Why Professors Have to Deal With Students Making Excuses

This podcast on student apologies is funny and depressing at the same time. Filip Noterdaeme, a college professor, collected a bunch of emails from students making all sorts of excuses about why they can’t or couldn’t come to the class. Getting a barrage of these emails is apparently a big problem for professors.

For me, the reason this problem exists is really obvious. It’s something that has always bothered me about school and education in general. In fact, I’m puzzled as to why nobody seems to talk about this big white elephant in the room.

Our education system is founded on the assumption that people do not like to learn. Teachers’ primary role is to act as a disciplinarian, like a personal trainer, because people know they should learn but they don’t want to. It’s like eating vegetables. Somehow our society has decided that this is the norm and that the schools should be designed with this assumption. But why?

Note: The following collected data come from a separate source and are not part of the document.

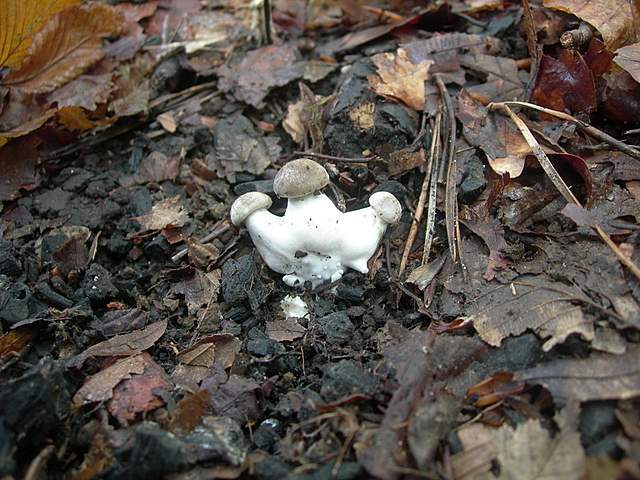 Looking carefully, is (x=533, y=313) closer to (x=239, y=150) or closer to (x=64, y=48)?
(x=239, y=150)

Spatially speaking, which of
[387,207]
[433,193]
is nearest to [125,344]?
[387,207]

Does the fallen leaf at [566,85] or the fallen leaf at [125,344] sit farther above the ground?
the fallen leaf at [566,85]

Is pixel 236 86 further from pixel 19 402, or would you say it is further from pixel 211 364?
pixel 19 402

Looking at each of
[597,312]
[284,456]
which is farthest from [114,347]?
[597,312]

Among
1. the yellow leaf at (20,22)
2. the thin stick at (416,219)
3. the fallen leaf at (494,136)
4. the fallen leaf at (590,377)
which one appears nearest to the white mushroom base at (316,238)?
the thin stick at (416,219)

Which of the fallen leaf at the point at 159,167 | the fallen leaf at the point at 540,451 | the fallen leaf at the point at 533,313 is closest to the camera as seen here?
the fallen leaf at the point at 540,451

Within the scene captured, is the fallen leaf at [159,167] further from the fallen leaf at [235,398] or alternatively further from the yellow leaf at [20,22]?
the fallen leaf at [235,398]

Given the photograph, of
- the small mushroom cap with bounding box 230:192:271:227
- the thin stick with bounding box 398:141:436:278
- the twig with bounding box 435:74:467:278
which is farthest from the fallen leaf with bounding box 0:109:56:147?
the twig with bounding box 435:74:467:278

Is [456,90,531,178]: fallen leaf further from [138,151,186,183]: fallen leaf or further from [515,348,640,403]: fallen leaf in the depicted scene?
[138,151,186,183]: fallen leaf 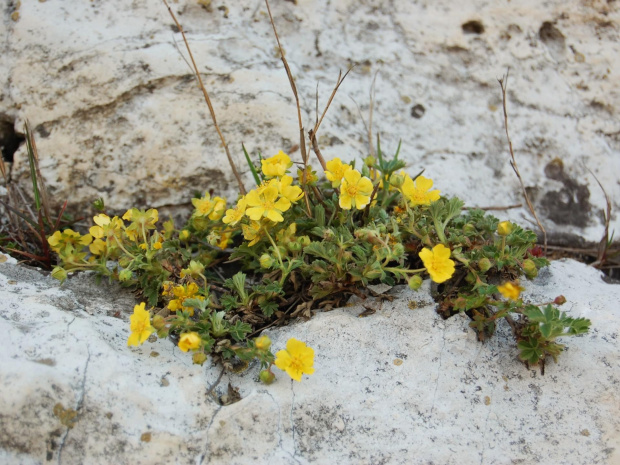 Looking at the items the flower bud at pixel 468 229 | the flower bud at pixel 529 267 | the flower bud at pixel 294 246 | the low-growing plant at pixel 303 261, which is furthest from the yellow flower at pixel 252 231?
the flower bud at pixel 529 267

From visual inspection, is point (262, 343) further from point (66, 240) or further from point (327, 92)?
point (327, 92)

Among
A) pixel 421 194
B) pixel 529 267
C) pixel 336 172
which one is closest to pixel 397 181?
pixel 421 194

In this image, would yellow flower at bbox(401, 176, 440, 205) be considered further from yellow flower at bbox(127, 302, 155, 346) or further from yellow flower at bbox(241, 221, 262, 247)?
yellow flower at bbox(127, 302, 155, 346)

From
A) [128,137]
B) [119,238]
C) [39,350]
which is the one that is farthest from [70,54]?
[39,350]

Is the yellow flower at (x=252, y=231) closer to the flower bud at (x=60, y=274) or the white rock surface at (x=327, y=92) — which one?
the white rock surface at (x=327, y=92)

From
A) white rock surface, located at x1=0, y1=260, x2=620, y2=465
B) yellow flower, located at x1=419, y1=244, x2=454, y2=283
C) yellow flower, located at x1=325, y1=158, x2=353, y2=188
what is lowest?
white rock surface, located at x1=0, y1=260, x2=620, y2=465

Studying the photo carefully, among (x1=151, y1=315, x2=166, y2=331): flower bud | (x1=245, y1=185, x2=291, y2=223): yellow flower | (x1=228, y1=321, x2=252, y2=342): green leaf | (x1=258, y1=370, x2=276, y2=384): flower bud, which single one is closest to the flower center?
(x1=245, y1=185, x2=291, y2=223): yellow flower

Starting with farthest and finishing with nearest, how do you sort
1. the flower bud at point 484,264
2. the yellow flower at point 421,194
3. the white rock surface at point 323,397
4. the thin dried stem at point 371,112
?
1. the thin dried stem at point 371,112
2. the yellow flower at point 421,194
3. the flower bud at point 484,264
4. the white rock surface at point 323,397

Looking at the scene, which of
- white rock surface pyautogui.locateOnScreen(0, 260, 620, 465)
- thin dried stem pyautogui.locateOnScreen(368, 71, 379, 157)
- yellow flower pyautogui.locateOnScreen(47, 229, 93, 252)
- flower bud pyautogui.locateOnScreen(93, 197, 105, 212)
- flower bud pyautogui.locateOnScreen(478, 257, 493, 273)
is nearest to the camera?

To me, learning is like eating ice cream; I don’t need anyone to discipline me. So, the fact that schools are designed to discipline students into learning, and that they have these commitment devices like degrees, grades, and exams, were distracting. Imagine a parent constantly nagging his children to eat ice cream and donuts. It would not only be a total waste of energy but also could make the kids dislike ice cream and donuts. I always felt like saying to my teachers, “I’m not paying you to make sure I learn, so, whatever time you are spending to do that is a total waste of my money.”

If there is a school where all the students felt learning is like eating ice cream, none of the problems Filip discussed in the podcast would exist. Teachers wouldn’t need to grade anyone. There would be no need to keep attendance. No students would bother any teachers with any excuses. If you want to learn, stay and have fun; if not, leave!

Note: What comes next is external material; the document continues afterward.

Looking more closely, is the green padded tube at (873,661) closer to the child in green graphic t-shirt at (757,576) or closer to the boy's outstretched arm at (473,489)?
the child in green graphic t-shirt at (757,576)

One time, I was talking to a professor at a dinner and said to him that as a student, your ultimate goal in college should be to have as much fun as possible. He immediately dismissed me because he could not imagine any student whose idea of “fun” was learning. That’s how jaded teachers are. Equating “fun” with learning was the last thing on his mind.

In college, I attended many classes that I didn’t sign up for because they were fascinating. Those four years were some of the most fun years of my life. Being able to entirely focus on what I felt passionate about was like a utopia. These days, there are parents who encourage kids to skip college. To me, that’s crazy. Why deprive them of the opportunity to know how fun life can be? Those years can serve as the foundation of the hope and optimism for the rest of their lives.